Nothing beyond the line containing "Versatile 64GB USB" is to be printed; print exactly each line from the start of the records below through that line, leaving out pictures.

= = =

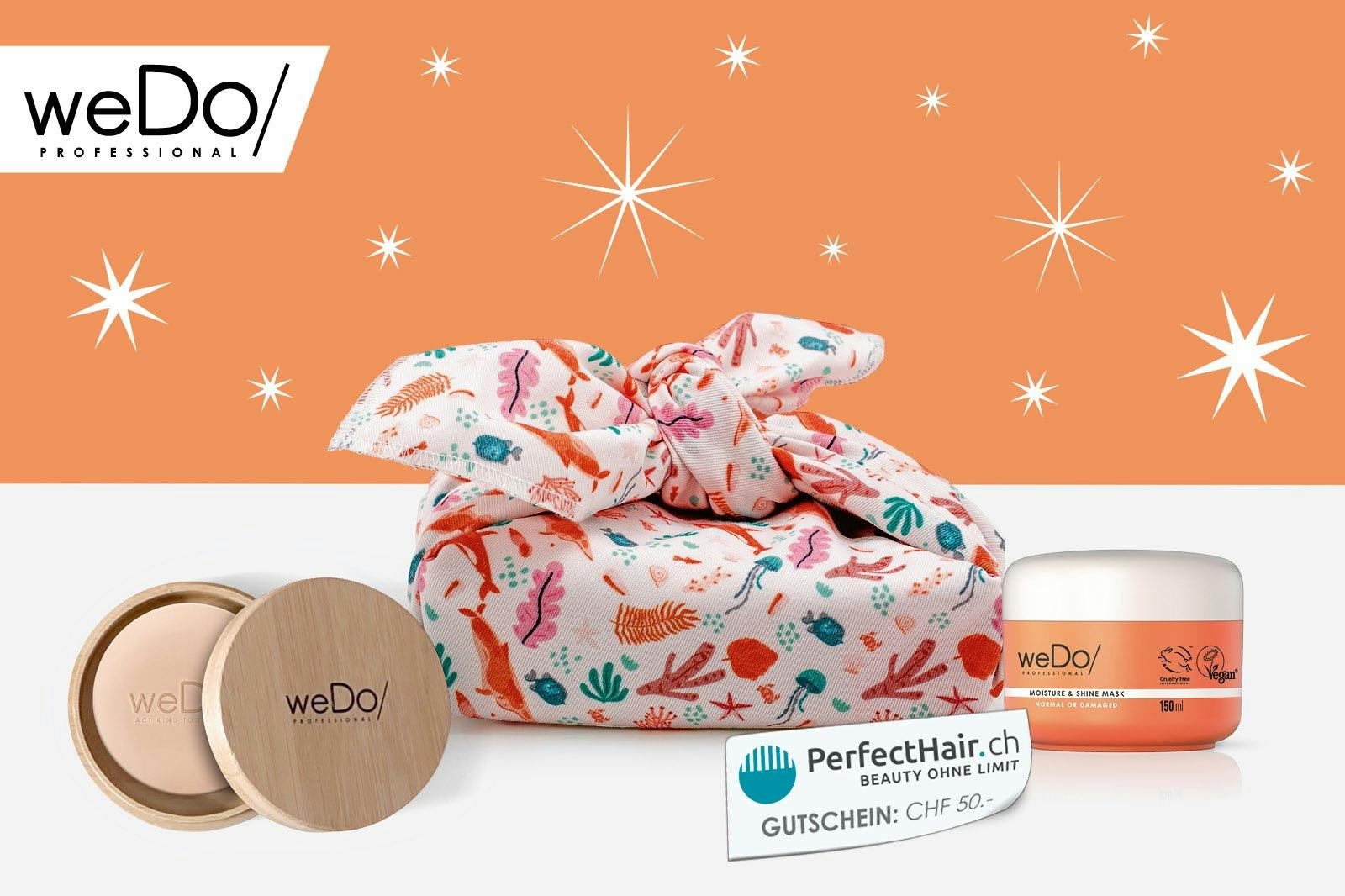 Im Pflegeset hat es unter anderem eine weDo/ Moisture & Shine Shampoo Bar 80g mit passender Bambus Box.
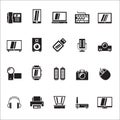 Electronic devices and technology icons - Vector icon set Royalty Free Stock Photo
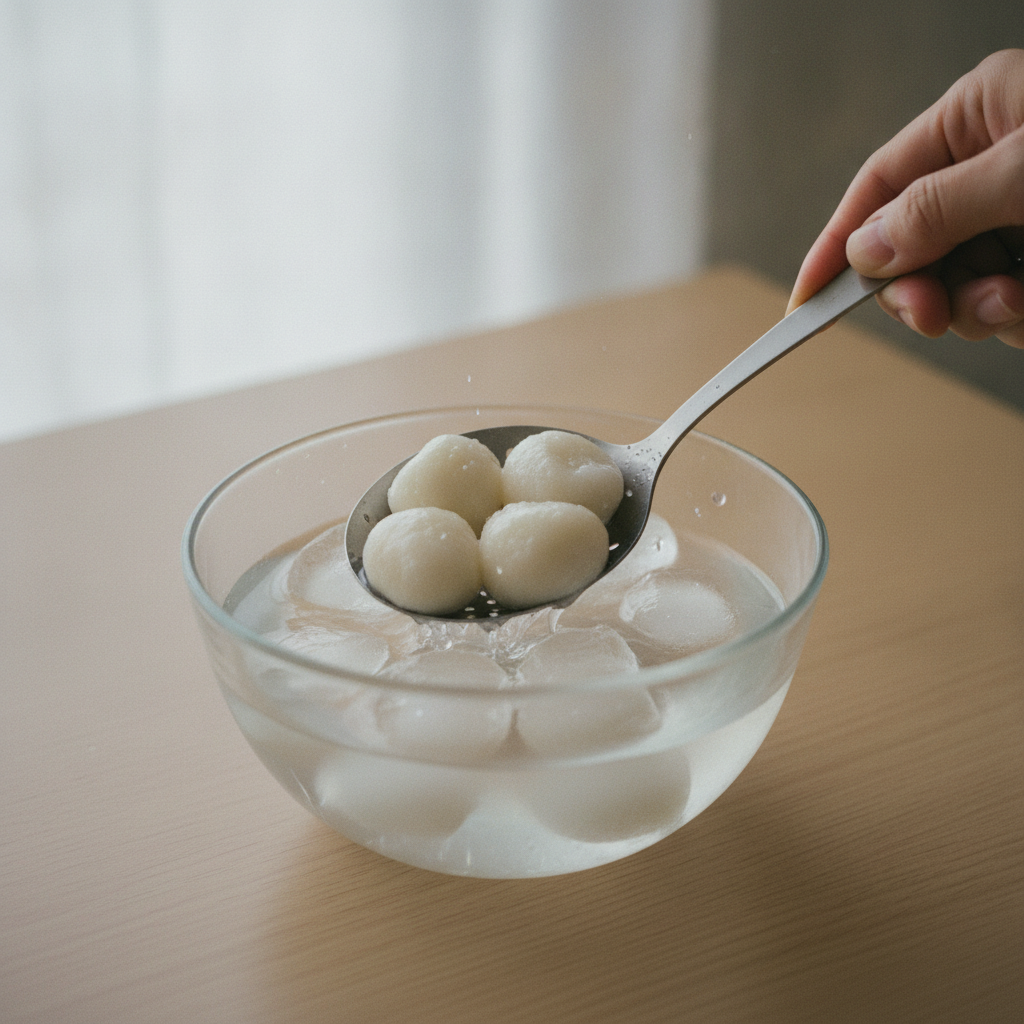 ゆで上がった白玉団子を氷水にとって冷やす様子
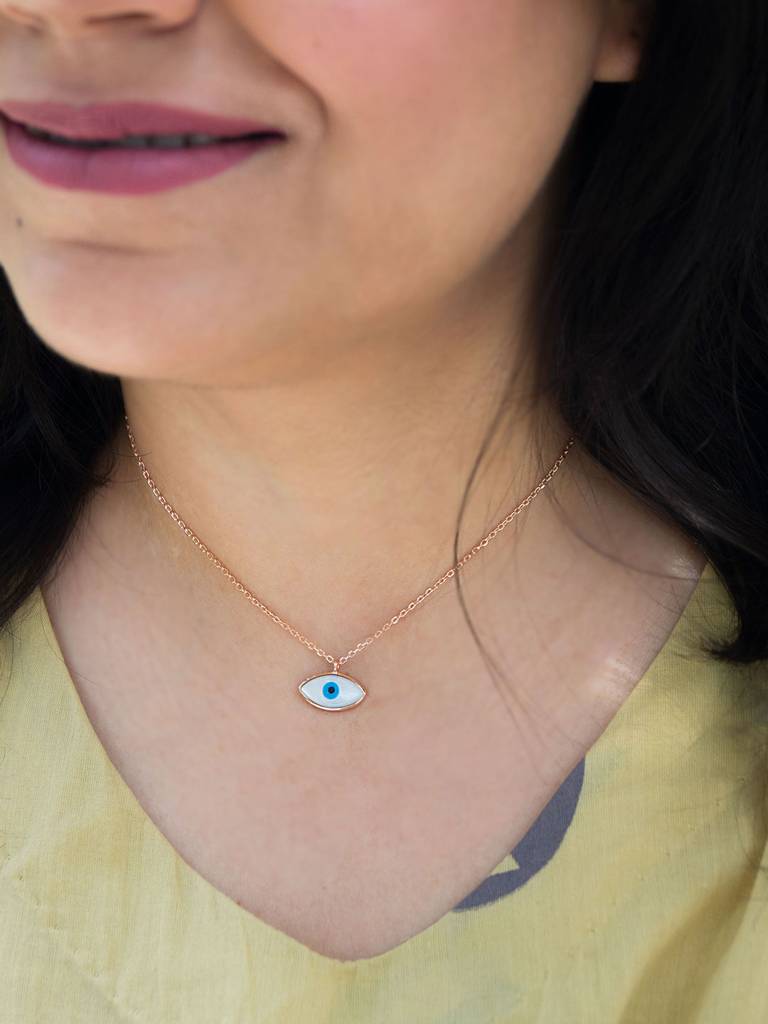 Evil Eye Eclectic Mother Of Pearl Rose Gold Plated Sterling Silver Chain Necklace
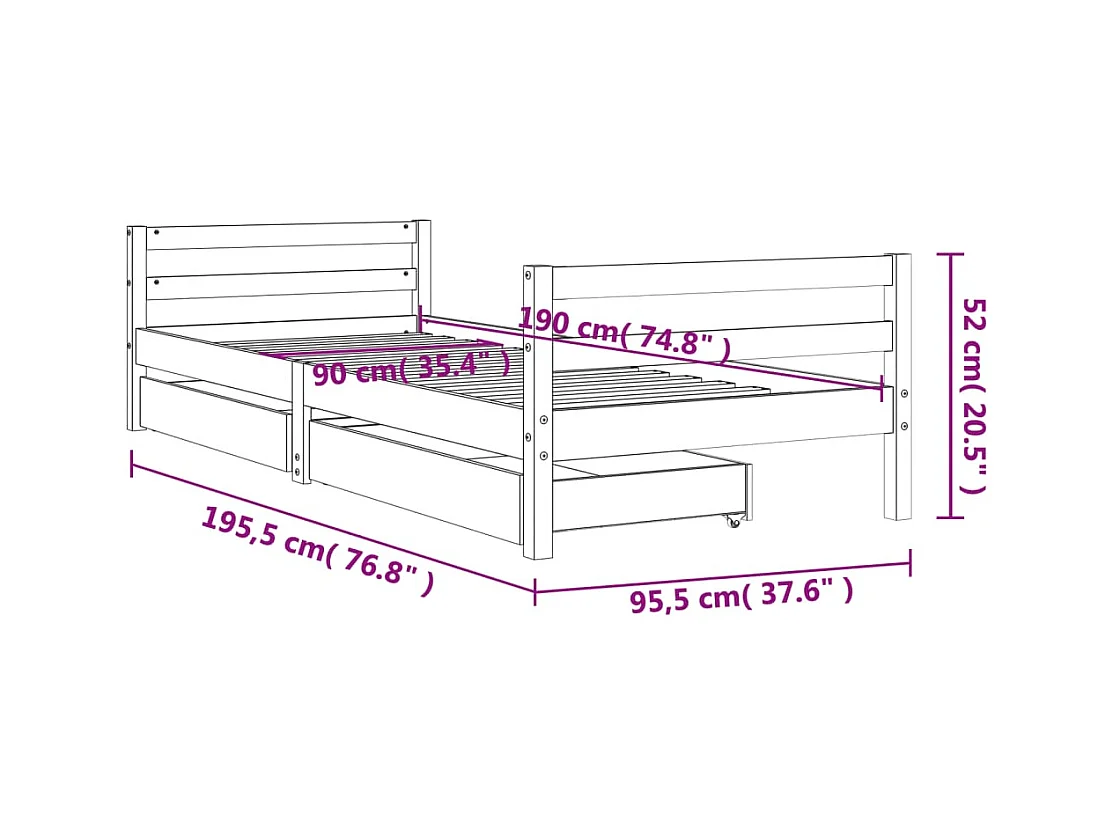 Estructura de cama infantil con cajones madera maciza de pino blanco 90x190 cm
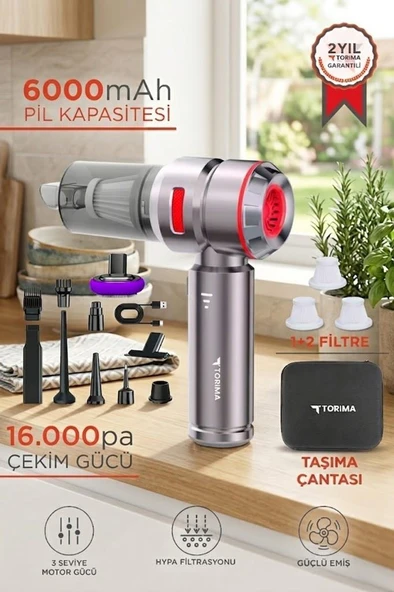 Araç İçi Süpürge 4IN1 17000PA Emiş Güçlü Üflemeli Şarjlı Mini Araba El Süpürgesi HL121 Kırmızı ürün görseli 1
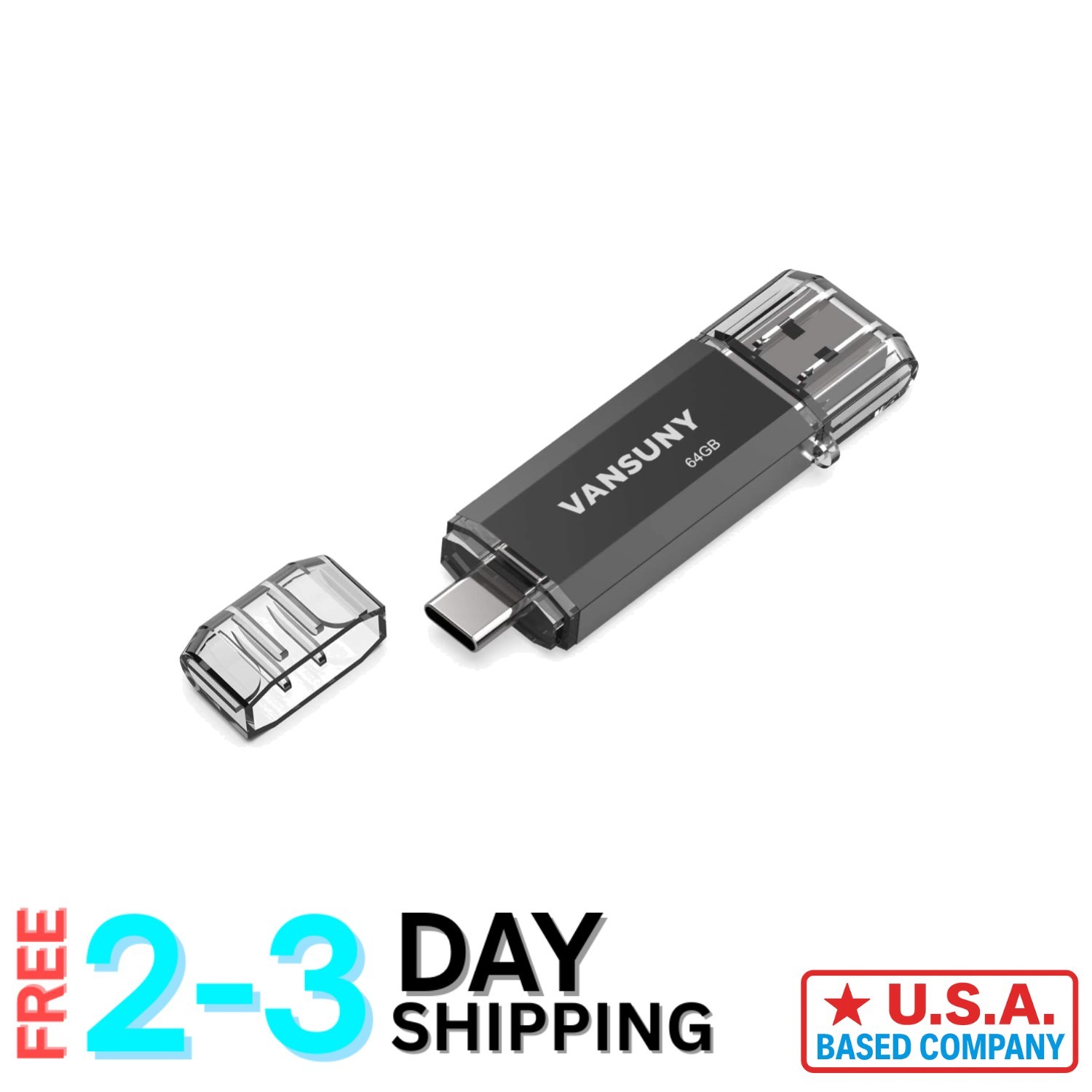 Versatile 64GB USB 3.0 & Type C Flash Drive - Temperature Proof with Keychain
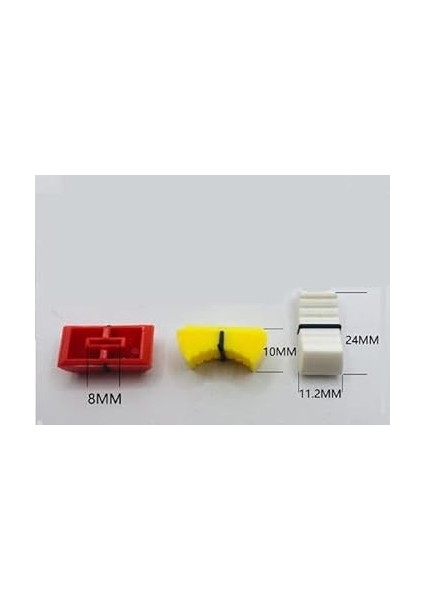 Adet Iç Delik 8 mm Mikser Kaydırıcı Sürgü Düğmesi Değiştirme, Yamaha Soundcraft Behrınger Mikser Için Uygun (Beyaz) modelleri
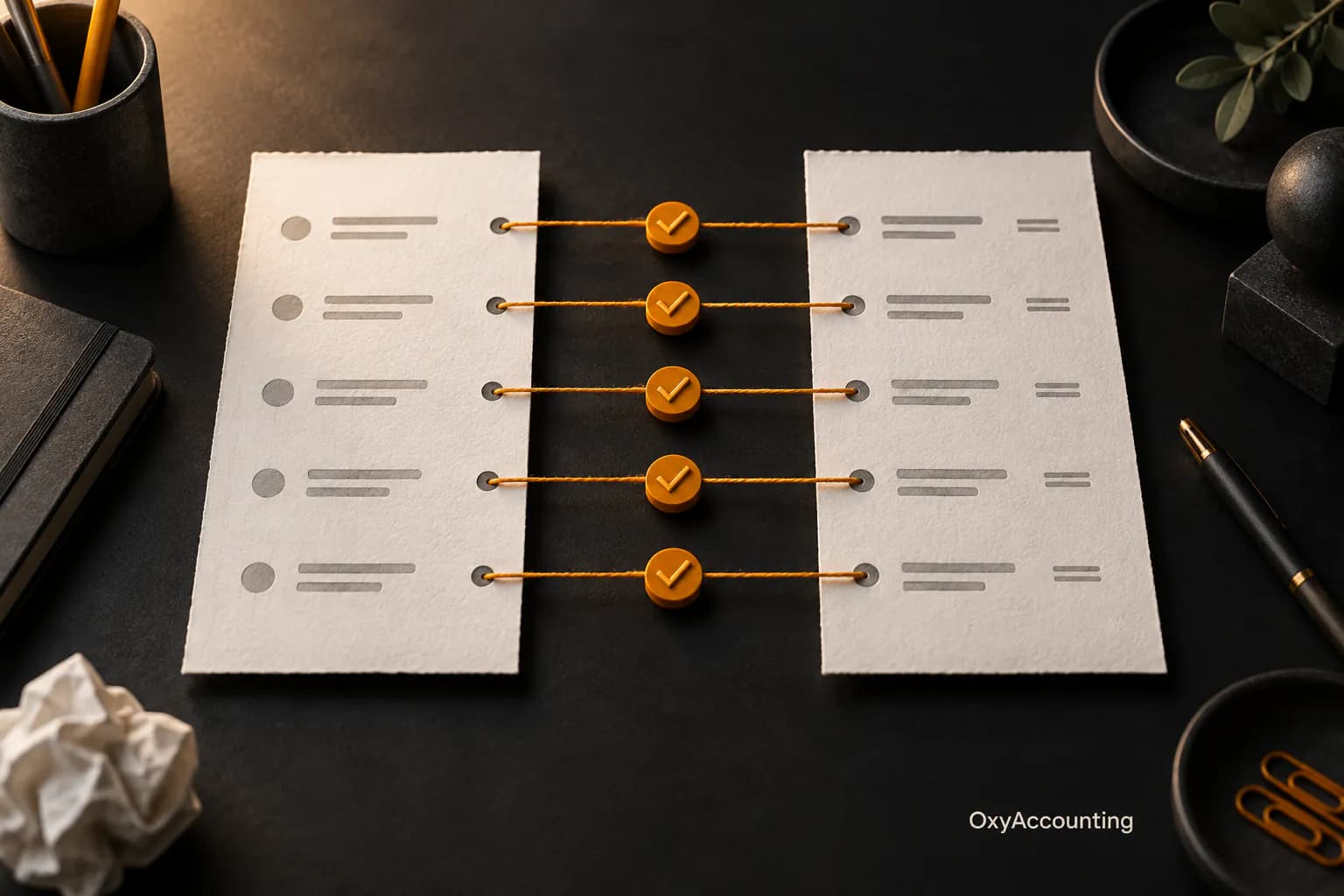 Two paper transaction records connected line by line with amber checks, representing a completed bank reconciliation.
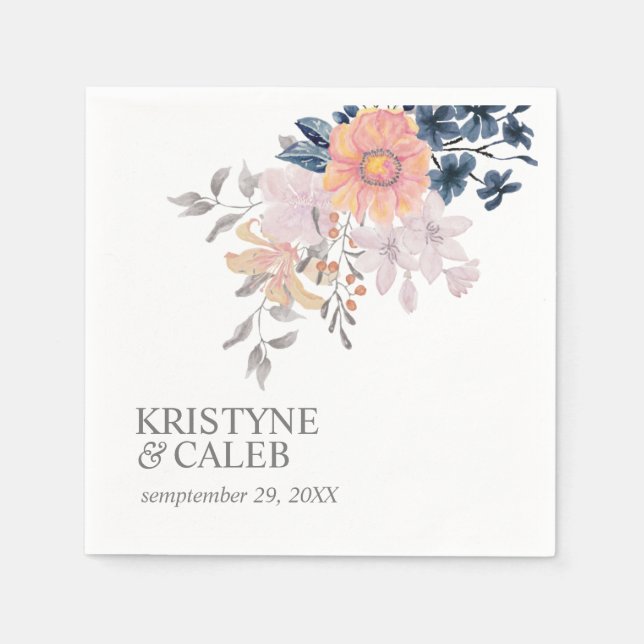 Coral & Navy Flowers chic personalized wedding  Napkins (Front)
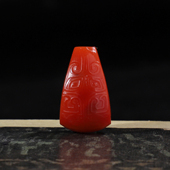 四川凉山苏工南红回纹三通柿子红高16.4mm对孔9.7mm直径8.6mm60号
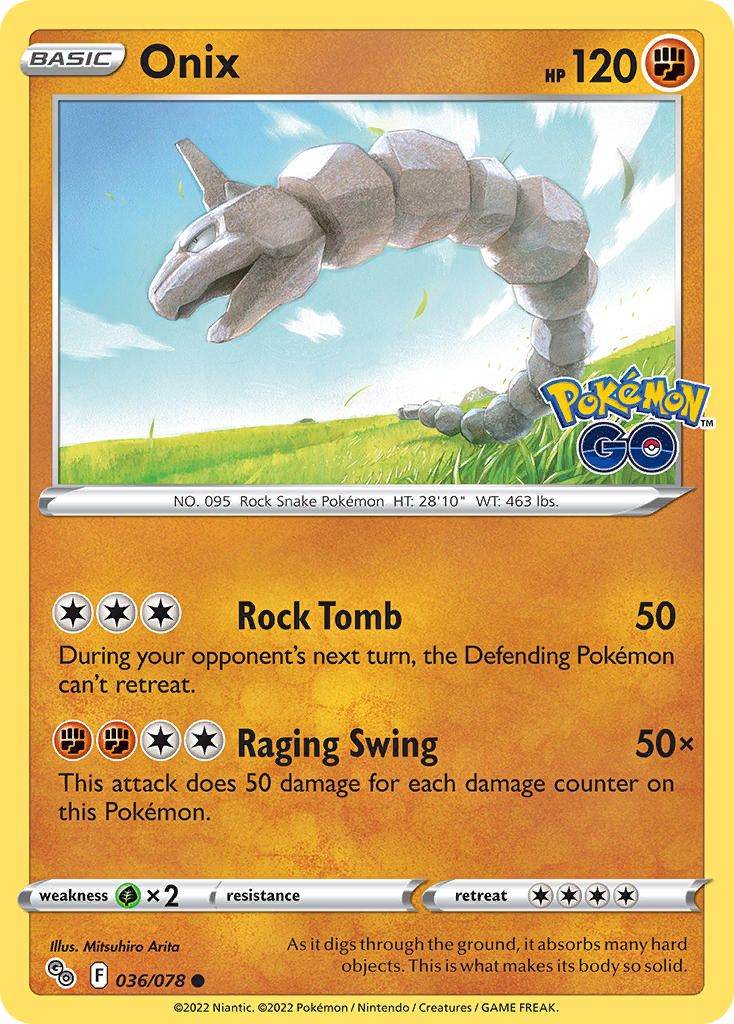 Onix - Pokémon GO (Common) [PGO-036] English / Near Mint / Normal
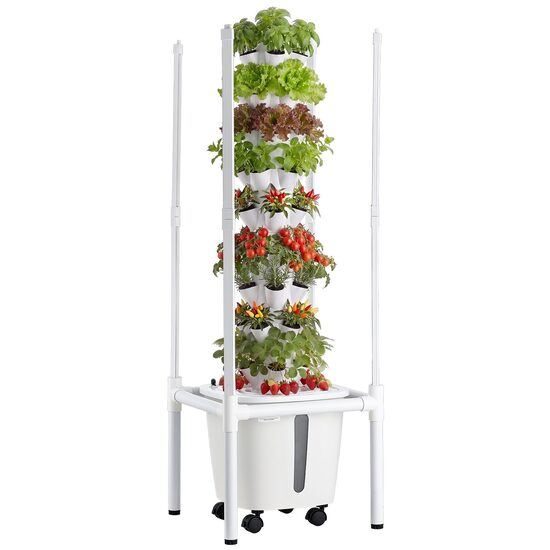 Ghiveci turn hidroponic, 45 capsule, 9 x niveluri, Rezervor 20 l, pompa, Lumina led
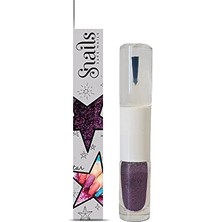 Trendexa 510218 Çocuk Parlak Tırnak Cilası, 2'si 1 Arada, Mor, Top Coat ve Parlak Pudra, Peel-Off Formülü, Çıkarılabilir, Su Bazlı, Zararsız, Vegan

= = =

= Reply =
 Im Pflegeset hat es unter anderem eine weDo/ Moisture & Shine Shampoo Bar 80g mit passender Bambus Box.
 Electronic devices and technology icons - Vector icon set Royalty Free Stock Photo
 ゆで上がった白玉団子を氷水にとって冷やす様子
 Evil Eye Eclectic Mother Of Pearl Rose Gold Plated Sterling Silver Chain Necklace
 Estructura de cama infantil con cajones madera maciza de pino blanco 90x190 cm
 Araç İçi Süpürge 4IN1 17000PA Emiş Güçlü Üflemeli Şarjlı Mini Araba El Süpürgesi HL121 Kırmızı ürün görseli 1
 Versatile 64GB USB 3.0 & Type C Flash Drive - Temperature Proof with Keychain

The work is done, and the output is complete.